State governments devote nearly $100 billion in funding each year for public colleges and universities, according to the report. That investment is aimed at growing their economies, developing an educated labor force and improving the socioeconomic situation of students from historically underrepresented populations.

State higher ed funding is allocated through various methods: using enrollment metrics; tying funding to student outcomes with performance-based systems; adopting base-adjusted systems that increase or decrease funding to colleges across the board; a combination of those mechanisms — or no clear funding formula at all

Nearly half of all four-year colleges are still under traditional funding models fully based on how much they received the previous year — a method that, when used alone, often depresses the amount received by institutions predominantly serving students who are racial minorities, Kelchen said. States using that model continue long-standing inequities within public universities, he added. 

Meanwhile, less than 10% of community colleges are funded that way. Some 70% are funded through a mix tied to enrollment, performance and previous year amounts, said Kelchen. 

This report comes as higher ed funding is being scrutinized by lawmakers due to skepticism about the value of a college education and to competing state budget demands. 

In the wake of state funding cuts, public institutions have reduced spending and raised tuition — leading to lower enrollment and completion rates, especially among Black and Hispanic students, and to less research capacity. 

Texas recently went through an overhaul of its community college funding model, moving away from an outcomes-based approach to rewarding colleges for student completion of degrees, certificates and other credentials, said Kelchen. 

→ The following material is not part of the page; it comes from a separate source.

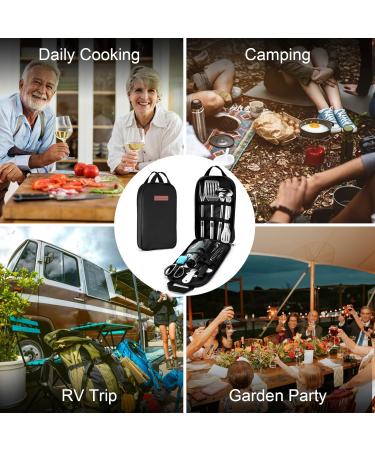 Odoland 14pcs Camping Cookware Set - Stainless Steel Utensils for Grilling, Backpacking, Picnic & BBQ - Portable Kit with Carry Case - Buy Online on GoSupps.com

In the end, “the amount of state funding for public higher education plays a crucial role in improving student outcomes,” the report stated. How much an institution receives, according to Kelchen, ultimately matters more than the method by which states distribute the funds. 

Still, states have no interest in getting rid of performance-based funding models and doing so would likely result in funding cuts, regardless of who wields political power in a state, he said. 

Researchers still need to dive deeper into the funding models to find the real cost of providing a college education and determine how to best support institutions serving large numbers of students from historically underrepresented groups, said Kelchen.